雑話99「ルノワールのおつゆ」
女性を多く描いたルノワールの絵画の魅力のひとつが、彼の描く女性の真珠のように輝く肌の表現でしょう。
ピエール=オーギュスト・ルノワール「眠る浴女」1897年
これは印象派がとらえようとした自然の光を表現しながらも、それまで印象派の技法によって犠牲にされてきた人物の輪郭や彫刻的量感がきちんと再現されたルノワール絵画の集大成ともいえるスタイルを確立するなかで生み出された表現なのです。
実はルノワールは印象派の手法を実践するなかで、堅固なデッサンや構成、自然の永続性の感覚などが犠牲にされていると感じていました。
ピエール=オーギュスト・ルノワール「テラスにて」1881年
※印象派スタイルの末期の作品
彼の印象派の時代の終わりごろの作品になると、輪郭がシャープになり、慎重に構図が決められるようになりましたが、1884年についに印象派の手法をやめて、くっきりした輪郭をもち、彫刻的な立体感を帯びたスタイルに変化します。
その違いが良くわかるのが「雨傘」という作品です。この作品は印象派スタイルであった1881年に描き始められましたが、完成したのはスタイル変更後の1885年であり、絵の中には2つの違ったスタイルが併存しているのがはっきりと見て取れます。
ピエール=オーギュスト・ルノワール「雨傘」1881-85年
※左側と上部は「乾いた」技法で描かれています
この新しいスタイルの時代は「乾いた」時代と呼ばれ、それは1888年までの4年間続くことになります。その間ルノワールは様式上の実験に夢中になり、ほとんど肖像画の注文もとらず、展覧会にも出品しませんでした。
しかし、ルノワールは結局この線的な様式に満足できず、実験中はたえず懐疑に襲われ、多くの作品を破棄、放棄しました。しかも、この乾いた様式に不満だったのはルノワールだけでなく、彼の画商であったデュラン=リュエルも受け入れがたく思っていたのでした。
ピエール=オーギュスト・ルノワール「髪を結う浴女」1885年
※実験時代の作品の中でも最も輪郭がはっきり描かれているものの一つ
そうして苦しんだ末、生み出されたのが冒頭でもご紹介した真珠のように輝く光沢を持つ画面でした。
この最後のスタイルでは、技法的にはふたたび柔和になり、絵画らしい色彩や筆遣いが甦りました。輪郭はそれまでほどくっきりとは描かれなくなりましたが、それでも形はしっかりとしています。彼は注意深く絵具の透明なヴェールを重ね、人の目をうっとりとさせる微妙な真珠の光沢を持つ肌を作り上げたのです。

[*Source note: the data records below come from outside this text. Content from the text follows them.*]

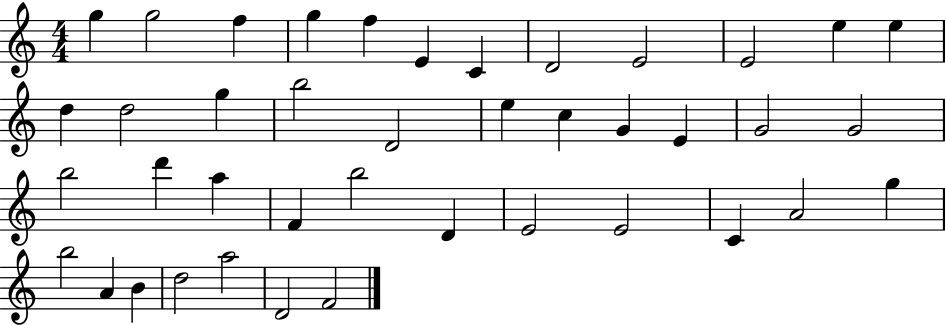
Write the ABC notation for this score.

X:1
T:Untitled
M:4/4
L:1/4
K:C
g g2 f g f E C D2 E2 E2 e e d d2 g b2 D2 e c G E G2 G2 b2 d' a F b2 D E2 E2 C A2 g b2 A B d2 a2 D2 F2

ピエール=オーギュスト・ルノワール「足を組む裸婦と帽子」1904-06年
この真珠のように光り輝く効果はルノワール自身が「おつゆ」または「ジュース」と呼んでいた、キャンバスを垂れ落ちるくらい薄められた絵具で始められました。
彼はこのおつゆをキャンバスのほとんど全面にわたって塗り、全体的な色調を決めると、ピンクや青の線を少しずつ引き、そこにバーント・シエンナですき間をうめて・・・と徐々に濃い色を置いていき、最後にアイヴォリー・ブラックを使いました。
こうして描かれたルノワールのキャンバスには、制作が進むにつれて霧の中から、まるで現像液に浸された写真の感光板のように、モデルの身体や風景が風景が浮かび上がってくるのでした。
ピエール=オーギュスト・ルノワール「ドローイングをするジャン」1901年
この手法についてルノワールは生前秘密にしていたようですが、息子でのちに映画監督になったジャンがその著書の中で父の秘密の手法を明かしてしまい、私たちが知るところとなりました。
それでも、ルノワールに憧れた他の画家が、彼の真珠のような画面を真似しようとしましたが、似て非なるものになるだけで、本物のもつ美しさには遠く及ばないようです。
やはり、ルノワールの絵画はルノワールの手によらなければ描けないということですね。